While these steps have been important in establishing an unprecedented level of commonality, they have also underscored what still needs to be done. The adjustments the Czech Republic must make will be wide-ranging. You must continue to modernise your armed forces, improve the quality of military life, and develop a professional non-commissioned officer corps. You will have to make improvements in a number of key areas. And you will have to maintain a defence budget adequate to achieve this. I am not talking of huge amounts of high-tech equipment. But it does require the political commitment, as well as the readiness, to implement tough reforms.

Clearly, future new members, like NATO's present members, will have the time and the freedom to meet the requirements in a way that they can absorb. It is equally clear that NATO will provide a solid, reliable framework for this long-term restructuring - and that means a more cost-effective reform than could ever be contemplated outside NATO.

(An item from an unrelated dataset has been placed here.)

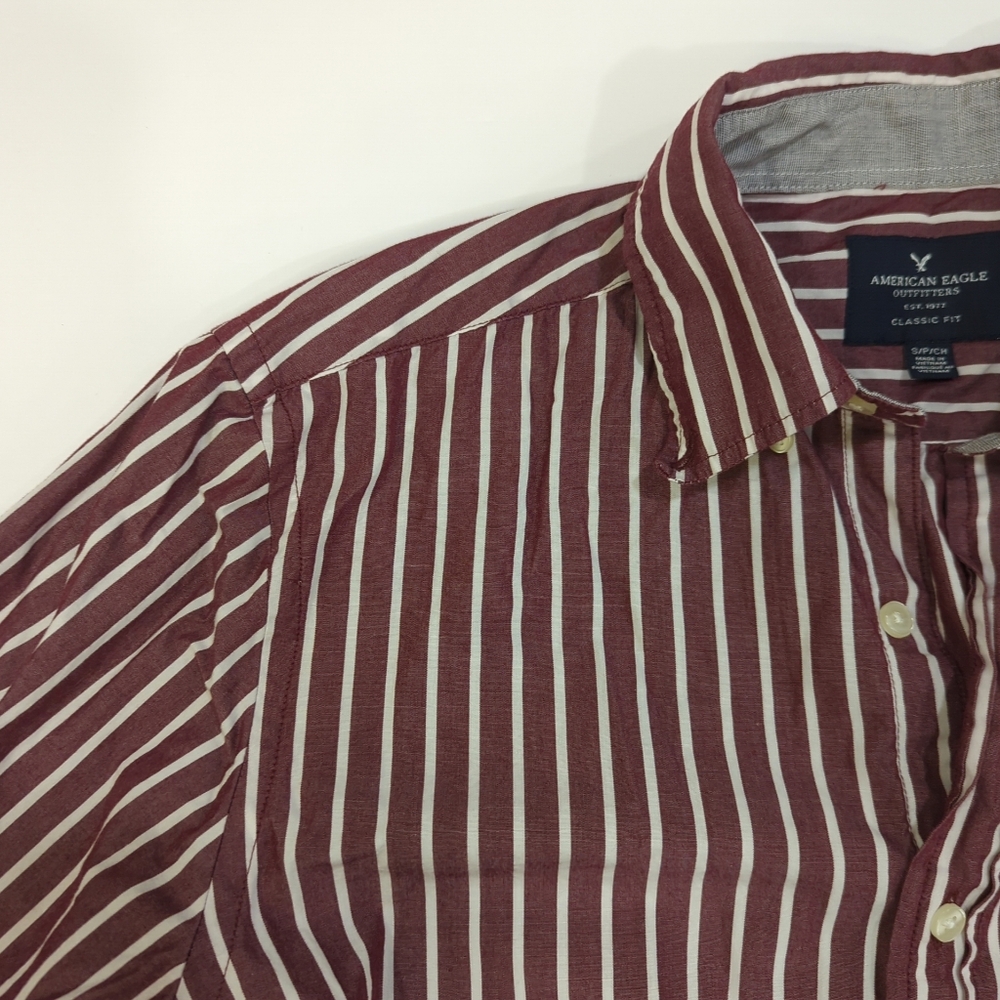 American Eagle Burgundy & White Striped Button Down Shirt - Mens Size Small - Picture 4 of 11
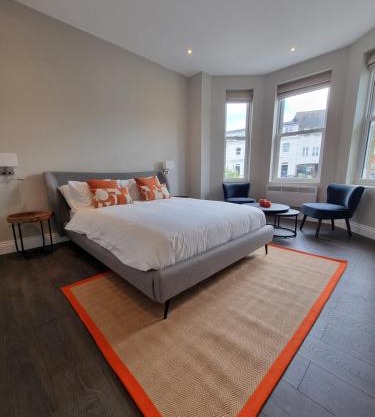 The Ivy Apartments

NATO will offer its assistance, but most of the work remains up to you. NATO is a voluntary framework, not a straitjacket. No detailed Alliance planning process can spare a member country - and its parliament - from having to make crucial decisions. I am confident that your determination to implement these challenging reforms will make the Czech Republic a net provider of security by 1999.

The willingness to be a contributor to our common security, not just a consumer, will not fail to have an impact on Allied parliaments, as they contemplate ratification in the months ahead. So will the level of public support for the accession process in general. Now is the time for parliamentarians to show real leadership. Membership in NATO is an investment in the long-term future of your country. It is too precious a goal to gamble with or risk letting slip away.

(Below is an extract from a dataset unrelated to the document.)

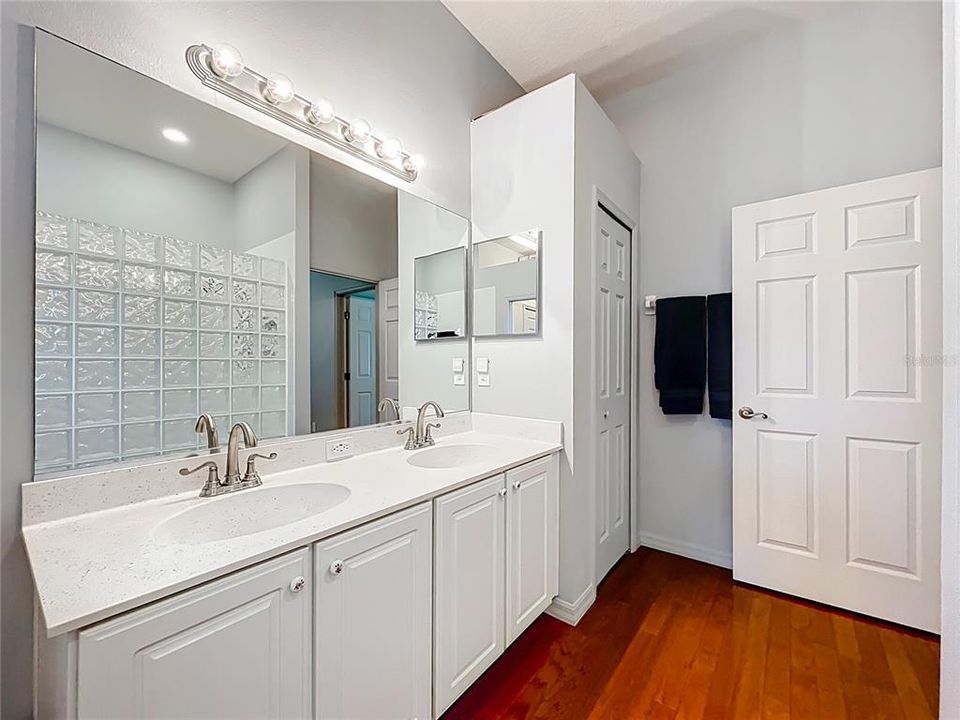 合同活跃: $349,000 (2 贝兹, 2 浴室, 2163 平方英尺)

As we await the outcome of the ratification process in Allied Parliaments, we will involve the Czech Republic to the greatest extent possible in Alliance activities. Your representatives receive regular briefings on NATO policies, and they participate in all Alliance fora. Czech, Hungarian and Polish representatives in Brussels are already sitting at the conference table for the weekly meetings in Brussels of the North Atlantic Council and its subordinate committees. Your military take part in activities at the NATO military headquarters in Mons.

Ladies and Gentlemen,

A democratic security community, based on common values rather than fear - such was the guiding vision that inspired the drafters of the Washington Treaty in 1949. They did not define NATO's purpose solely as protecting its members in military terms. The ambition from the start was both simpler and broader: in the words of the Treaty, "to promote stability and well-being in the North Atlantic area."

Today, the Atlantic Alliance can finally return to its original vocation: to safeguard and further our democratic values and to support the widening integrative process of the new Europe. With the Czech Republic at our side, we can grasp this beckoning moment of history. I welcome you to our common European home. Thank You.